Никому из близких она до сих пор не сказала о последних словах Кью, которые понимала, как прощание с ней. Но даже расскажи она про это домашним, они, наверно, истолковали бы их иначе и по-прежнему считали бы, что примирение состоялось. Впрочем, пока лорд Кью и ее батюшка были оба прикованы к постели, сраженные каждый своим ударом, все разговоры о любви и свадьбе были на время отложены. Любила ли Этель Кью? Она так жалела его в несчастье, так восхищалась его благородным мужеством, так терзалась укорами совести за легкомыслие свое и жестокость по отношению к человеку столь редкой честности, преданности и доброты, что эти чувства в сумме своей, пожалуй, равнялись любви. Предполагавшийся меж ними союз, как, вероятно, и всякий другой, не требовал большей привязанности. Горячая дружба, взаимное уважение и доверие, — я не хочу сказать, что наша героиня оценивала все это столь прозаическим образом, — являются ценным капиталом, вложенным в надежные брачные акции, каковые из года в год растут и приносят верный доход. Многие проматывают свой капитал страстей в первый же год супружества, и потом им не хватает любви на самые насущные нужды. И вот наступает печальный день, когда банковский счет закрыт, в буфете ни крошки, и фирма "Дамон и Филлида" обанкротилась.

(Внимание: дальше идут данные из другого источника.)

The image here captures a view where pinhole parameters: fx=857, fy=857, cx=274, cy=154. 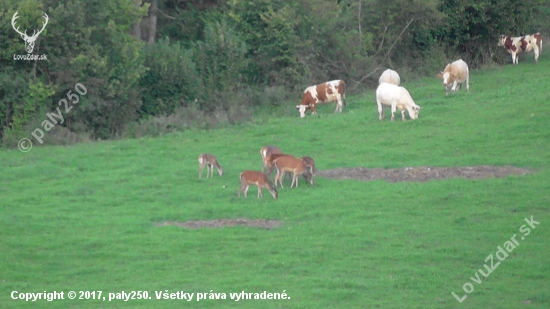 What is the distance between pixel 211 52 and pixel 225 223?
17627 mm

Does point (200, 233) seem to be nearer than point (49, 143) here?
Yes

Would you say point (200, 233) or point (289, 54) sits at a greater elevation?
point (289, 54)

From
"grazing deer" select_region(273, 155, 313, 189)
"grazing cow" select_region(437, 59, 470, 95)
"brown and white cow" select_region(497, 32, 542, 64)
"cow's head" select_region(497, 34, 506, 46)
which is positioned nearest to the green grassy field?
"grazing deer" select_region(273, 155, 313, 189)

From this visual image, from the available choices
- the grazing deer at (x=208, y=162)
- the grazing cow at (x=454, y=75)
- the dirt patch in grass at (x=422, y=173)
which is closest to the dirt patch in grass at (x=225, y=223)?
the grazing deer at (x=208, y=162)

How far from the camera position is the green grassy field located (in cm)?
1388

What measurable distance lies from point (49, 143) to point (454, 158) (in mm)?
12719

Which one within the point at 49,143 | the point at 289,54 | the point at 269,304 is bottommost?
the point at 269,304

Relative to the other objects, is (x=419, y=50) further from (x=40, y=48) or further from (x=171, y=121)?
(x=40, y=48)

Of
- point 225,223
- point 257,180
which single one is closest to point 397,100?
point 257,180

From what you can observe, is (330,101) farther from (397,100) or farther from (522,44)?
(522,44)

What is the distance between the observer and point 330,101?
103 feet

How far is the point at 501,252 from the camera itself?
599 inches

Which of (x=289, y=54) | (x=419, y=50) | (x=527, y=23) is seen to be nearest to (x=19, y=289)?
(x=289, y=54)

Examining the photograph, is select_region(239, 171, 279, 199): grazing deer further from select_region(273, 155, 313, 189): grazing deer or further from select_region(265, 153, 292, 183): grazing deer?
select_region(265, 153, 292, 183): grazing deer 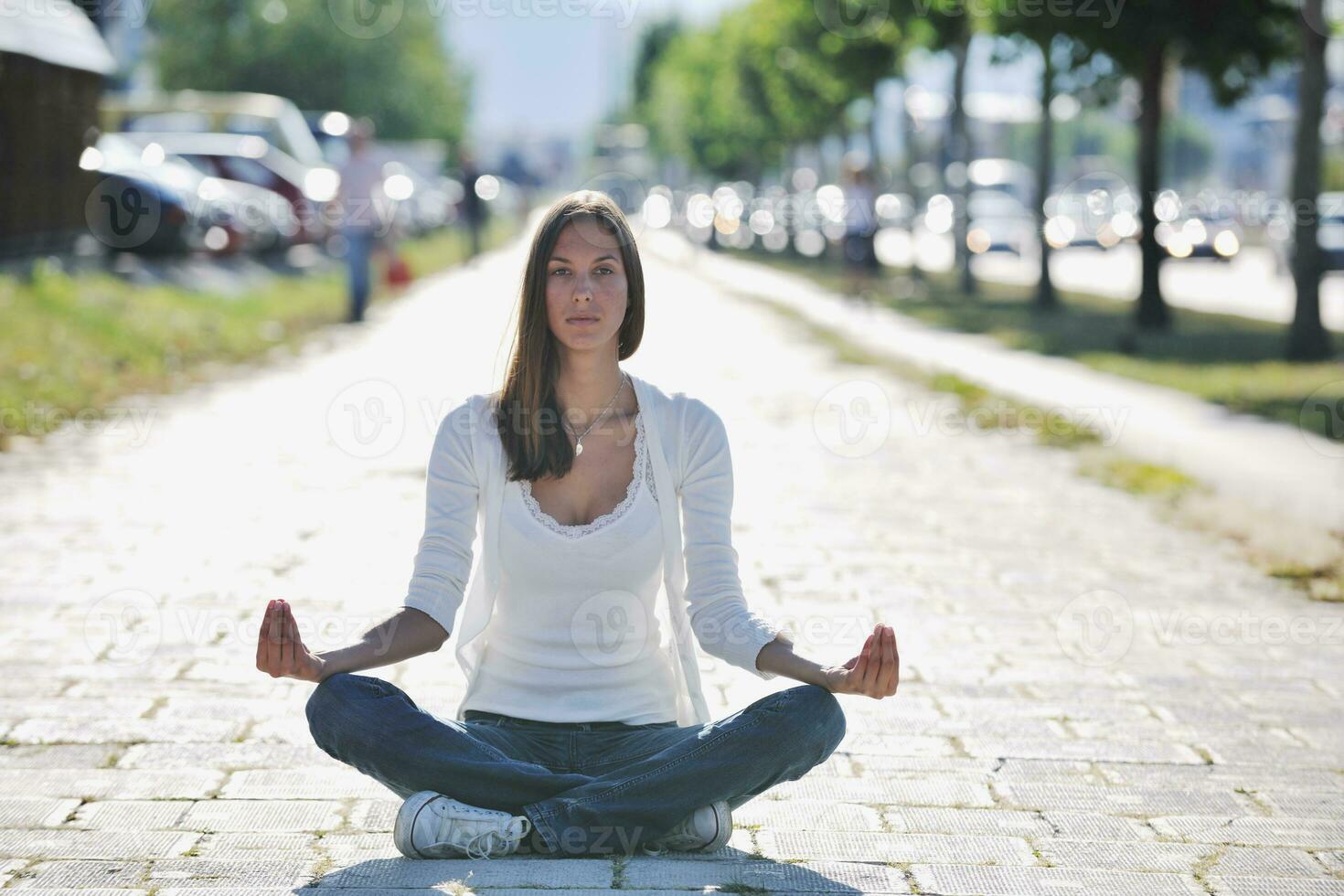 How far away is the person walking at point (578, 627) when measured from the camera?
12.3 feet

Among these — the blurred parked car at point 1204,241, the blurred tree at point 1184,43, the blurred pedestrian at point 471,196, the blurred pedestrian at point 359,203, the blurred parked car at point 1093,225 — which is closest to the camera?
the blurred tree at point 1184,43

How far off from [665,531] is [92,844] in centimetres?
148

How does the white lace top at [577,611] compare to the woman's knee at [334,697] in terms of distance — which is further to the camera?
the white lace top at [577,611]

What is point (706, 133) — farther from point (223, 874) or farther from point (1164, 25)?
point (223, 874)

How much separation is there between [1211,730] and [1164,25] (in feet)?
49.5

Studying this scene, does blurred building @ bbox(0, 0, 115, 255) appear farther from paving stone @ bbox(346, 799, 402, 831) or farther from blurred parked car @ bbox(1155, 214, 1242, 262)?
blurred parked car @ bbox(1155, 214, 1242, 262)

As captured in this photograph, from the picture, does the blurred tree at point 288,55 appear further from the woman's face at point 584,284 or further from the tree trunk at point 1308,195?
the woman's face at point 584,284

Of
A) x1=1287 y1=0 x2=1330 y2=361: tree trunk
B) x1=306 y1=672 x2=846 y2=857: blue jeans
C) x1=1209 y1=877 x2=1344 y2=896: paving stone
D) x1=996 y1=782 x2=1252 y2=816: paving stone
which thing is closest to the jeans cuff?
x1=306 y1=672 x2=846 y2=857: blue jeans

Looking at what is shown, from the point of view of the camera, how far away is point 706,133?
68.4 metres

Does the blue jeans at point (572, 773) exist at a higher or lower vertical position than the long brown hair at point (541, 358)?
lower

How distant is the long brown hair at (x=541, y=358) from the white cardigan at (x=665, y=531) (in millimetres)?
55

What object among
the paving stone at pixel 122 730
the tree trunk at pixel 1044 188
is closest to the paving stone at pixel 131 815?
the paving stone at pixel 122 730

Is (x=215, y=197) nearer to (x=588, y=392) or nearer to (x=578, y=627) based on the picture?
(x=588, y=392)

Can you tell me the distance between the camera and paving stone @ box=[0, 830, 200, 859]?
3930 mm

Мисс Ньюком, как мы сказали, отнюдь не рассуждала обо всем этом на такой банковский манер — на Ломбард-стрит в этой семье ходили только мужчины. Но, вероятно, она думала, что если бы здесь можно было довольствоваться уважением, сочувствием и приязнью, она бы с радостью и почти от души отдала бы их лорду Кью; она стыдилась своей резкости, вспоминая его великодушие, а теперь еще и его тяжелое состояние; быть может, она размышляла и о том, что есть на свете человек, коему, будь на то судьба, она подарила бы не только уважение, жалость и приязнь, но и нечто во сто крат более ценное. Нам неведомы секреты этой юной леди, но, коль скоро они у нее имеются, ей есть над чем поразмыслить, чем терзаться, просиживая дни и ночи у постели или кресла отца, который и слышать не хочет о другой сиделке; и вот она, угадывая его желания, безмолвно исполняя его просьбы, отмеривая лекарства и сторожа его сон, все время возвращается мыслью к далекому несчастному Клайву и к опасно раненому Кью. Не удивительно, что щеки ее стали бледны, а глаза покраснели; теперь у нее в жизни есть своя забота, своя ноша, и она, несомненно, чувствует себя одинокой с тех пор, как скрылась из виду коляска бедного Клайва.